At runtime, i.e. initial testing, pre-commit-checks, integration-testing, QA and then production, yes.

So there are a lot of checkpoints where the system can crash before it ever goes live.

> You think that is just as good as solving the problem at compile time?

No, I don't, and I never wrote that I do.

I do think that it's a lot better than not crashing and running inti undefined behavior when dereferencing a null pointer, which is a problem in older languages, and a source of hard to track bugs.

The problem is: solving it at compile time isn't zero-cost.

Languages that pretend that void pointers don't exist are usually more complex than languages that accept their existence as a fact of the underlying hardware. That extra complexity comes at a tangible cost in development time and maintainability. A language that fails early, and with a clear signal, will sometimes crash in testing, and maybe maybe maybe in production here and there, and such crashes may incur a cost. A more complex language will always incur a higher cost in developer time.

1 comments

The higher cost in developer time is a myth. Because the type checking seriously helps you out when you are changing existing code and it results in much fewer bugs out of the gate.

Sure the language in its totality is more complex. At least compared to Go or C. But nothing is forcing you to use every feature of it.

> The higher cost in developer time is a myth.

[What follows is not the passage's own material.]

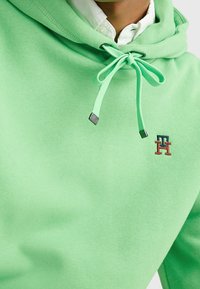 Felpa verde menta realizzata in morbido cotone, dotata di cappuccio con cordoncino, dettagli metallici e un piccolo logo ricamato sul petto.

And yet, Go is a huge success in the industry, and one of the main reasons often given for chosing Go over a competing language, is how easy it is to get things started, how easy it makes the onboarding process, and how accessible and maintainable the code is.

> the type checking seriously helps you out when you are changing existing code

If you have Algebraic Datatypes in your codebase, which is not a given. Having a simple, easy to read language helps me out ALL THE TIME.

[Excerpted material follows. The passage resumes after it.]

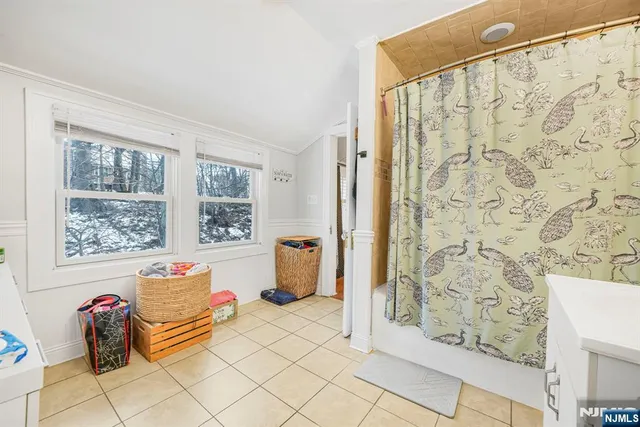 a view of balcony with wooden floor and outdoor seating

> But nothing is forcing you to use every feature of it.

And nothing forces C developers to use so many macros that their libraries resemble a completely different language where everything I thought I learned about C flies out the window. Nothing forces Python devs to use nested dictionary-comprehensions, that are, ironically, completely incomprehensible. Nothing forces C++ developers to use generics everywhere, regardless of whether they are actually needed or not.

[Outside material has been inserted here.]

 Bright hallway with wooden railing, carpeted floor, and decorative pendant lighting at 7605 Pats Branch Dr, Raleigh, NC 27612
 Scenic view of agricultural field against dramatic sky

And yet, that is, unfortunately, what is often happening in the wild.

The point here is; If a language offers X, then X will be used. And it will be used in smart ways, it will be used in unnecessary ways, and it will be used in not-so-smart ways. It will be used when it makes sense, and when it absolutely doesn't.

The thing the developers of Go figured out, and which, in hindsight, is surprisingly obvious, is that there is exactly one, and only one, foolproof way to prevent that from happening: By not having X in the language.

You're a zealot and your comment is a polemic, not any kind of reasoned discussion of the advantages and disadvantages of one language as against another.
This isn't a discussion about the advantages or disadvantages of languages.

This is a discussion about whether Go "misses" things, or "lacks" things, or if it's designed to not have these things, and if there is a reason why that is.

I have demonstrated, and provided arguments, for why the latter is the case. Aka. the exact opposite of "polemic".

> And yet, Go is a huge success in the industry

Success of a technology is more often than not dependent on who is behind it. Anything by google will likely see a lot of uptake.

Every language has a story. Some of it is bull some not. Best to try and be objective and not drink every drop of the koolaid.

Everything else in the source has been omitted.